To be able to use the Expires header, mod_expires must be enabled in your Apache configuration. You can confirm this on CentOS using the following command,

httpd -M | grep -i expires

This module controls the Expires HTTP header settings and the Cache-Control HTTP header max-age directives. This should be installed by default on most servers.


Testing For the Expires Header Using Curl

If the current date is Mar 2, 2019, the following shows that the Expires headers for a .png resource is set for 4 months,

$ curl -LI https://domain.tld/wp-content/uploads/2018/12/img-023-144x144.png
HTTP/1.1 200 OK
Date: Sun, 03 Mar 2019 04:38:32 GMT
Server: Apache
Last-Modified: Tue, 25 Dec 2018 11:42:14 GMT
Accept-Ranges: bytes
Content-Length: 10603
Cache-Control: max-age=10368000, public
Expires: Mon, 01 Jul 2019 04:38:32 GMT
Vary: Accept-Encoding
Content-Type: image/png

Here is the .htaccess rule confirming this,

[root@host public_html]# grep png .htaccess  | grep -i expires
  ExpiresByType image/png                     "access plus 4 months"

This shows that Expires is working.

Occasionally, you may test your landing page on some 3rd-party tools and they will inform you that Expires are not working. What they should say is that Expires are not set and working for *all* resources used on the landing page.

If you instead curl a single resource from your site that you have explicitly set expiration rules for, then you can see the output like that shown above. The landing page is often returned as text/html Content-Type, but it usually doesn’t give the same headers that are given when testing a single resource.
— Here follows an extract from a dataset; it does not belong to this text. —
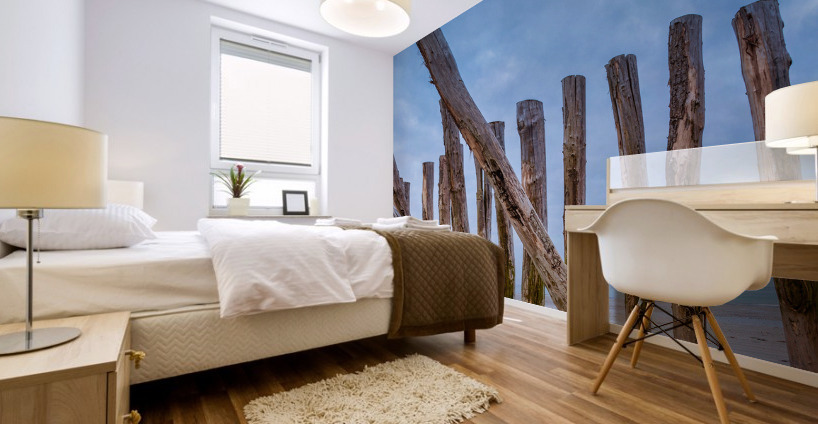 Cleut Rouz Mural print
You can go further and change the setting to make sure the change is detected when testing. Initially, html was set 0 for this one resource,

[root@host public_html]# grep -i expires .htaccess  | grep -i html
   ExpiresByType text/html                     "access plus 0 seconds"

If you change the expires time for html to something else, it should then be detected. I’ve tested this using the readme.html file by setting it to 10 days,

Before changing from 0, it shows the current date,

$ curl -I https://domain.com/readme.html
HTTP/1.1 200 OK
Date: Sun, 03 Mar 2019 04:37:07 GMT
Server: Apache
Accept-Ranges: bytes
Content-Length: 7425
Cache-Control: max-age=0, public
Expires: Sun, 03 Mar 2019 04:37:07 GMT
Vary: Accept-Encoding,User-Agent
X-Powered-By: WP Rocket/3.2.6
Content-Type: text/html; charset=UTF-8

After changing to 10 days, it shows 10 days from now,

$ curl -I https://domain.com/readme.html
HTTP/1.1 200 OK
Date: Sun, 03 Mar 2019 04:53:59 GMT
Server: Apache
Accept-Ranges: bytes
Content-Length: 7425
Cache-Control: max-age=864000, public
Expires: Wed, 13 Mar 2019 04:53:59 GMT
Vary: Accept-Encoding,User-Agent
X-Powered-By: WP Rocket/3.2.6
Content-Type: text/html; charset=UTF-8

If you want your landing page to show these headers as well, you may have to consult your developer for help in identifying what resources exist on the landing page but do not have expirations set in the .htaccess.


Conclusion

Now that we’ve gone over how to rest mod_expires .htaccess rules with curl. Mod_expires is used to set up the expiration on .htaccess rules along with the mod_rewrite apache module.